Assigned task => Of the lines in the data below, write out exactly those from the one holding "Rare vintage Lee" through the one holding "16G 3/8 Pride", both included.

*** Opening of Provided records ***

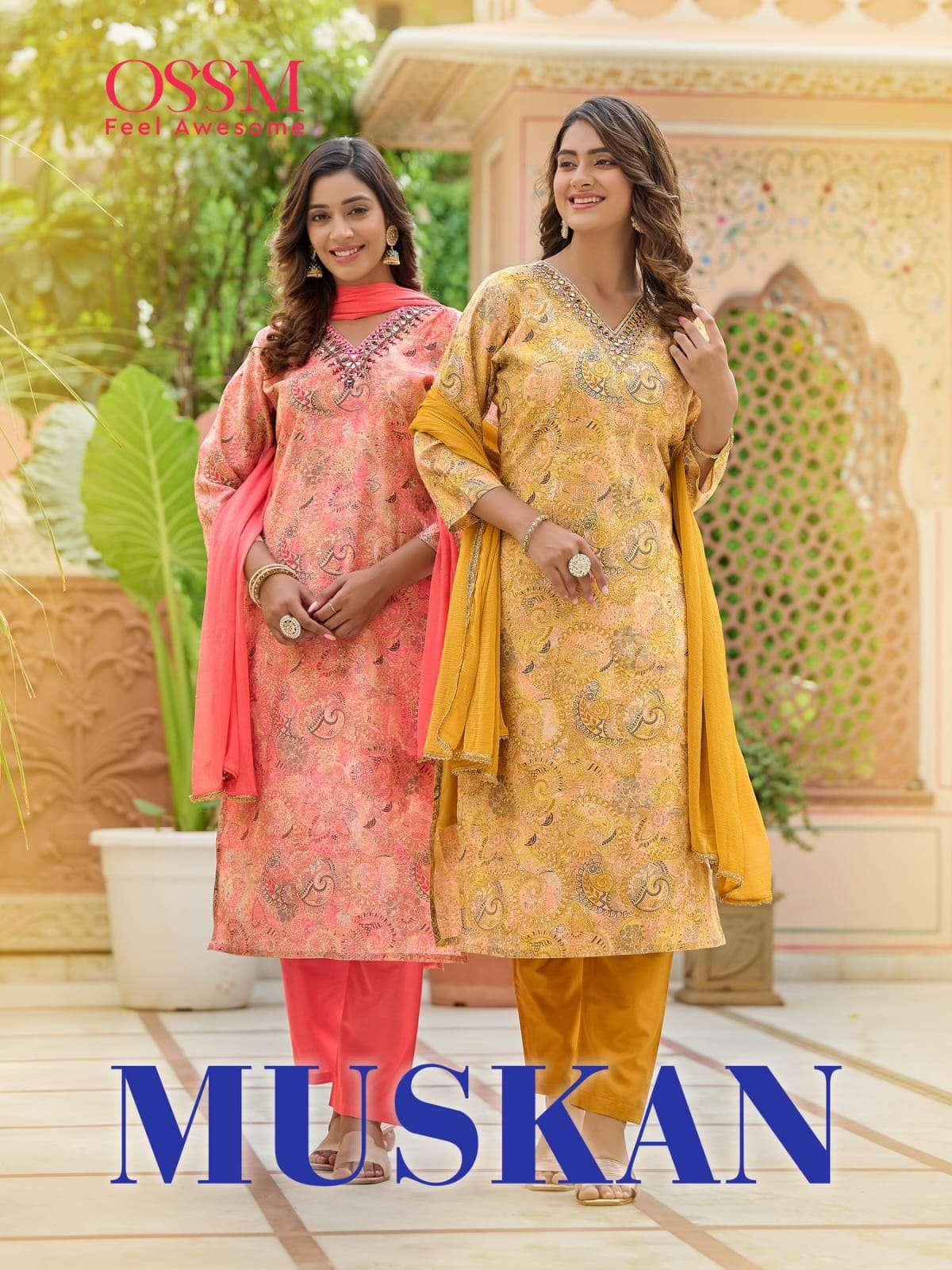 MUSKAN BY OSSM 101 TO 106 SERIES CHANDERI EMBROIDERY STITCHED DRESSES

*** Close of Provided records ***
*** Opening of Provided records ***

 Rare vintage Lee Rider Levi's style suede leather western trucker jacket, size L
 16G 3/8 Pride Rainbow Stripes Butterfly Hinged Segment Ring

*** Close of Provided records ***

Reply to the task =>
 Rare vintage Lee Rider Levi's style suede leather western trucker jacket, size L
 16G 3/8 Pride Rainbow Stripes Butterfly Hinged Segment Ring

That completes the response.